Il risque plusieurs fois de se trahir en montrant plus de richesses qu'il ne convient à une redingote râpée comme la sienne. N'importe, il achète la petite, quinze cents francs, des mains de ses hôtes; s'enfuit vers Paris avec l'enfant, et va se cacher dans une maison réprouvée, dans les terrains vagues d'un faubourg, près du marché aux chevaux. Il s'y attache de plus en plus à cette pauvre enfant. Une vieille femme, façonnée à toute servitude, faisait le ménage et allumait le feu. Cosette se développait de corps et d'âme, sous les yeux de ce père inconnu, mais aussi tendre qu'une femme. Victor Hugo lui prête sa tendresse pour les enfants.
Ici le romanesque du roman commence. Ce romanesque, qui sort des événements arbitrairement inventés pour les besoins du drame, est la partie faible du roman. Toutes les fois que l'auteur a besoin d'un personnage, il l'appelle du fond du néant, comme dans les contes de fées ou comme dans les contes de Voltaire, et le personnage obéit contre toute vraisemblance au signe de l'écrivain.

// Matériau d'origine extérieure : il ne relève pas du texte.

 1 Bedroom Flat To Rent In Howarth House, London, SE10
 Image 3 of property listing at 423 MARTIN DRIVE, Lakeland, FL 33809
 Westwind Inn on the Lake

Ces fantasmagories s'animent, disparaissent, reparaissent, comme si le monde n'était peuplé que des sept à huit comparses de Valjean. Cela détruirait l'intérêt comme cela détruit la vraisemblance, si l'admirable don de peindre du poëte ne ressaisissait pas à l'instant son lecteur par l'admiration et l'enthousiasme, et ne lui faisait en quelques pages oublier le chemin pour le but.
II.
Les poursuites patientes, constantes, consciencieuses de l'honnête agent de police Javert ne discontinuaient pas. Valjean y échappe avec sa pupille par des prodiges d'adresse et de force musculaire, dignes d'un forçat de M. d'Arlincourt. Je demande pardon du rapprochement. Du ridicule au sublime il n'y a qu'un pas, dit Napoléon; Victor Hugo ne le franchit jamais, mais dans cette partie du drame il le côtoie sans cesse.

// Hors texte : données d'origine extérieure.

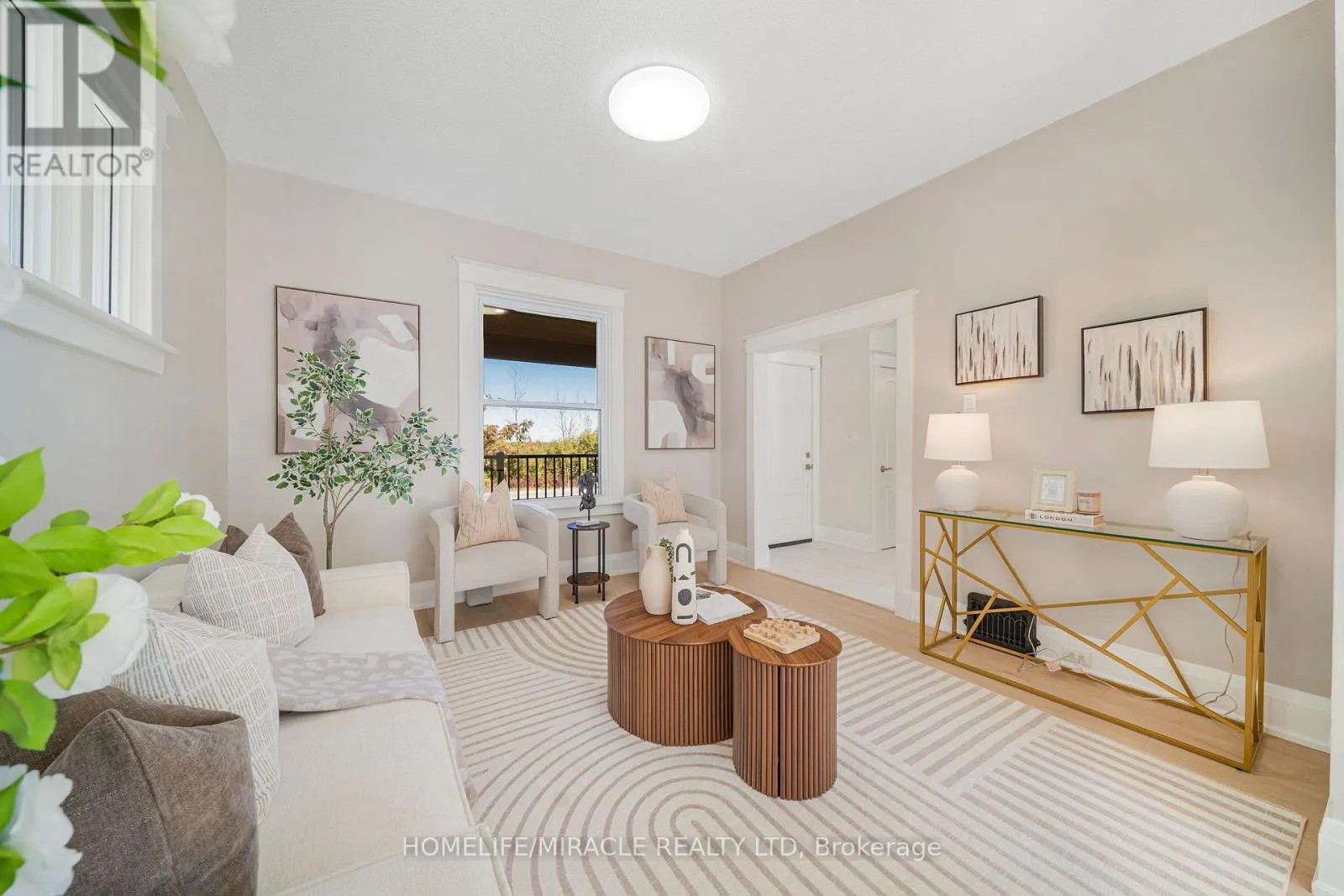 323 QUEENSTON ROAD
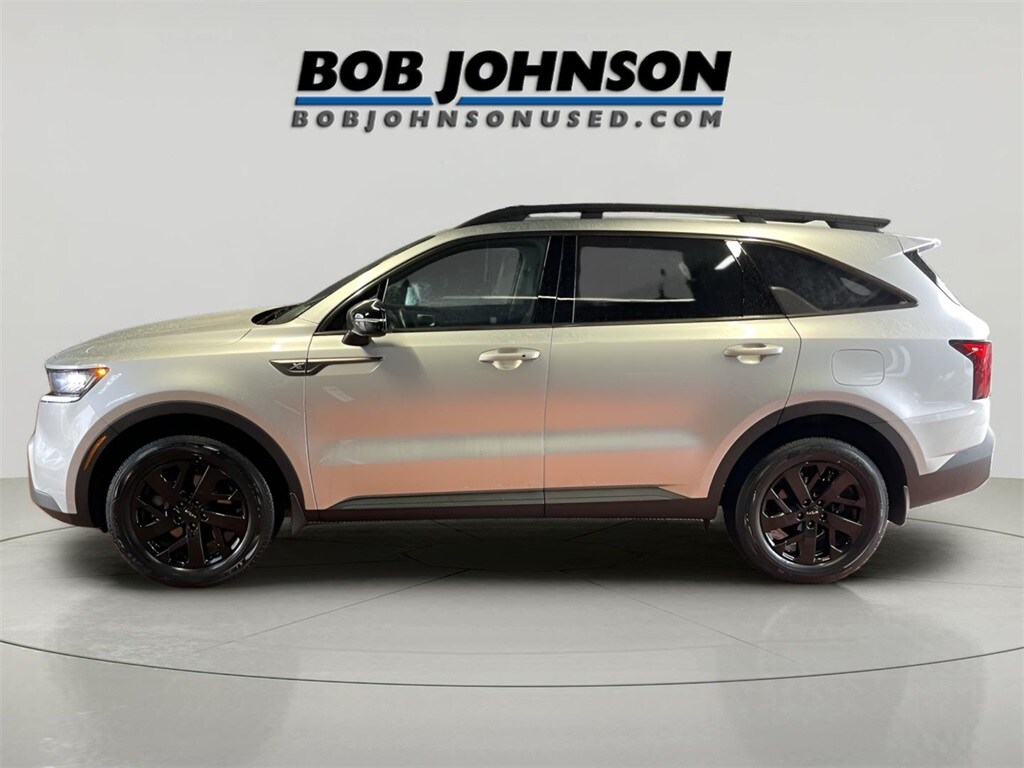 2022 Kia Sorento S photo 3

Glissons vite ici. Valjean, près d'être atteint, franchit de hautes murailles avec Cosette attachée par une corde, et tombe dans le jardin d'un couvent de femmes. Un vieux jardinier qui le rencontre, un de ses amis, le cache avec Cosette dans sa hutte; puis Valjean invente une histoire pour faire recevoir et élever Cosette par ces nonnes; puis il se fait sortir du couvent dans une bière pour tromper la police, enfin enterrer sur la foi d'un ivrogne chargé de le réveiller.
Tout cela s'exécute à souhait, comme des tours de funambule chez Franconi. Mais cela n'est pas digne du talent si élevé de l'auteur. Contes et veillées pour amuser le peuple. Vient ensuite une dissertation savante, avec dates et notes, sur la nature, l'origine d'un couvent de filles, dissertation tantôt édifiante, tantôt burlesque, intitulée Picpus.
Cet étalage de science sur des riens ressemble trop au verbiage des faiseurs de tours de gobelets cherchant à distraire le public pendant qu'ils préparent l'escamotage. Ce récit de couvent ne contient guère moins d'un demi-volume.